2018-03-12 / Columns


Getting a good night’s sleep is very important
KLONIE JORDAN — Executive Editor

I like to think that I’m a reasonably intelligent fellow, that I can pretty much figure things out.

Oh, I might get tricked every now and again, especially when I’m sleepy. If I’m sleepy, as in “I haven’t slept for 36 or more hours,” it’s entirely possible that you could pull a fast one over on me, or I might, unbeknownst to me, pull a fast one over on myself.

For example, one night last summer as I was getting ready for bed, Jordie, my wire-haired terrier, wanted to go outside. It was late and I was so tired I could barely stand up, but I managed to stagger over to the door, open it and let him out. I couldn’t go to bed until he came back in and I was in no condition to stand there for 15 or 20 minutes while he barked at squirrels or sniffed around on the ground for whatever dogs sniff around on the ground for (I’m hoping it’s gold and that one day he will sniff out a huge vein of it in my back yard and come back into the house with a large nugget in his mouth, drop it at my feet and we move into the 10-bedroom, 11-bath mansion the next week. I don’t need a house that big but I would buy it anyway so folks will look at it and go, “Wow, that fellow who lives there must be somebody important,” which won’t be true because that fellow who lives there actually would have just been waiting at the door one night when his dog fetched some gold).

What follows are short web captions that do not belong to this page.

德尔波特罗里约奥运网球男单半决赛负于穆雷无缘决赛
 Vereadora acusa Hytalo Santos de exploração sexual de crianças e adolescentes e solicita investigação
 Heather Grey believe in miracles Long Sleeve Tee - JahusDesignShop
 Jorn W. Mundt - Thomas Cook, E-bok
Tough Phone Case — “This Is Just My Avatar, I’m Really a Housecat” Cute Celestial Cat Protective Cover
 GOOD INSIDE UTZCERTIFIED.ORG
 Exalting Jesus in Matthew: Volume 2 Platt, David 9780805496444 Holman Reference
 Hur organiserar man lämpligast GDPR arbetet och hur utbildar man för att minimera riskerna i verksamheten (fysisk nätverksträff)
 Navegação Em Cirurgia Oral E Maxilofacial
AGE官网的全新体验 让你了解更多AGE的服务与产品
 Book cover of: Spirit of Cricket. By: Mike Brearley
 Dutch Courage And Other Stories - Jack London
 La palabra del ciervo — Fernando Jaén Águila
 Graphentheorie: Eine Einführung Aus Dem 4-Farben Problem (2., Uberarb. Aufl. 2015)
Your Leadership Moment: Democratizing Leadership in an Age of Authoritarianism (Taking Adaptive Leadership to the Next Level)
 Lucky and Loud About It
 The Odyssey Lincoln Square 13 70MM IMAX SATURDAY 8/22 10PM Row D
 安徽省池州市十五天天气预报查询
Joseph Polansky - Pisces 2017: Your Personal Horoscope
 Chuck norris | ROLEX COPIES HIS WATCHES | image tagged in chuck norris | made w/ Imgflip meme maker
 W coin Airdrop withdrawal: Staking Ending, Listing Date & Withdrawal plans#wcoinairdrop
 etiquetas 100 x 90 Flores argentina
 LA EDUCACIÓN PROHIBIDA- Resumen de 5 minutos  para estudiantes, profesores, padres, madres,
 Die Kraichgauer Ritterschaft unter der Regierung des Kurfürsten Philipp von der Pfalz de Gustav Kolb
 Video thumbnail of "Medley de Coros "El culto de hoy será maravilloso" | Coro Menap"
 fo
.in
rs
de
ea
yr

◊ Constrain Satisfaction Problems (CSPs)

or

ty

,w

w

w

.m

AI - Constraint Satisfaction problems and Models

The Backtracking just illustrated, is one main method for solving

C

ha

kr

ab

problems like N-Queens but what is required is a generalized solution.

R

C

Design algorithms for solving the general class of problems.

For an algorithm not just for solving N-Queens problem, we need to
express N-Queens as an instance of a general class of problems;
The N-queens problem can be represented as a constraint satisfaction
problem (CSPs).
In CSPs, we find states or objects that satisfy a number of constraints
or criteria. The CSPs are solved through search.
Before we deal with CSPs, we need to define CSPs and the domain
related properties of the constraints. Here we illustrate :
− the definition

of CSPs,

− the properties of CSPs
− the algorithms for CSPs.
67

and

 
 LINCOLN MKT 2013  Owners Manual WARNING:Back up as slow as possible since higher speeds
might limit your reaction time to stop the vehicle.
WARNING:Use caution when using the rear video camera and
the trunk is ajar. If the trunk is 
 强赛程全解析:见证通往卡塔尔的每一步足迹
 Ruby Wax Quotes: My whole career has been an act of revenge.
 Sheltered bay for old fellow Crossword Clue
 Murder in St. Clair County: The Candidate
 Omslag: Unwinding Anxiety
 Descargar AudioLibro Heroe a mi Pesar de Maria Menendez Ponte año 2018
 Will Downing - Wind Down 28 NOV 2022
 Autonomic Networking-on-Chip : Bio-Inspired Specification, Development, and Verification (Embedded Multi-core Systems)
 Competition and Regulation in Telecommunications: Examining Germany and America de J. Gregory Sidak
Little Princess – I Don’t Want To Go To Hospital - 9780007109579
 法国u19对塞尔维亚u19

Anyway, Jordie was out there lost in his canine exploits and I was leaning against the doorframe looking like a cast member of The Walking Dead.

It was pretty evident that what I needed to do in this particular instance was just sit down. I mean, come on, there was a sofa and a love seat right there behind me, but instead, for some reason I stepped out onto the patio and noticed it was pretty warm outside. There was a metal patio chair there; the kind that reclines, so I slid that bad boy back into near-horizontal position and stretched out on it, this even though there were no cushions or other form of padding on the chair.

“I’ll just stretch out here for a minute or two until he comes back to the door,” I told myself.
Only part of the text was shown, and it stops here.